Retype, exactly as they appear below, the lines between the line holding "EBXYA XLR Mikrofonkabel" and the line holding "Slim-Fit Versatile Ribbed", both ends included.

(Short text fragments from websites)
****************************************

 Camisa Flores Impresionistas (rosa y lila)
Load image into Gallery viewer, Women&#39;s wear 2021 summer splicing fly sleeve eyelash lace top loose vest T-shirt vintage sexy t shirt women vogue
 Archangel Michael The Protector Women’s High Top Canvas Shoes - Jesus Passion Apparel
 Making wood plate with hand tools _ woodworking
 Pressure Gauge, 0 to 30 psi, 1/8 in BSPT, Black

****************************************

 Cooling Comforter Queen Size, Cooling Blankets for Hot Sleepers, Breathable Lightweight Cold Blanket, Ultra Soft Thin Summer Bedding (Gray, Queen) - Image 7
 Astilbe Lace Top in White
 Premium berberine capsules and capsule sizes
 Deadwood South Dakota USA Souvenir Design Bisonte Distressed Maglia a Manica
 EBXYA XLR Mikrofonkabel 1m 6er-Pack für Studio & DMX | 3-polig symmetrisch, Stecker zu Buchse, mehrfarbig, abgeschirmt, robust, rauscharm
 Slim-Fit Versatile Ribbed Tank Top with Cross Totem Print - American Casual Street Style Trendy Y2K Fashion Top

****************************************

■ **ANSWER SPACE**
 EBXYA XLR Mikrofonkabel 1m 6er-Pack für Studio & DMX | 3-polig symmetrisch, Stecker zu Buchse, mehrfarbig, abgeschirmt, robust, rauscharm
 Slim-Fit Versatile Ribbed Tank Top with Cross Totem Print - American Casual Street Style Trendy Y2K Fashion Top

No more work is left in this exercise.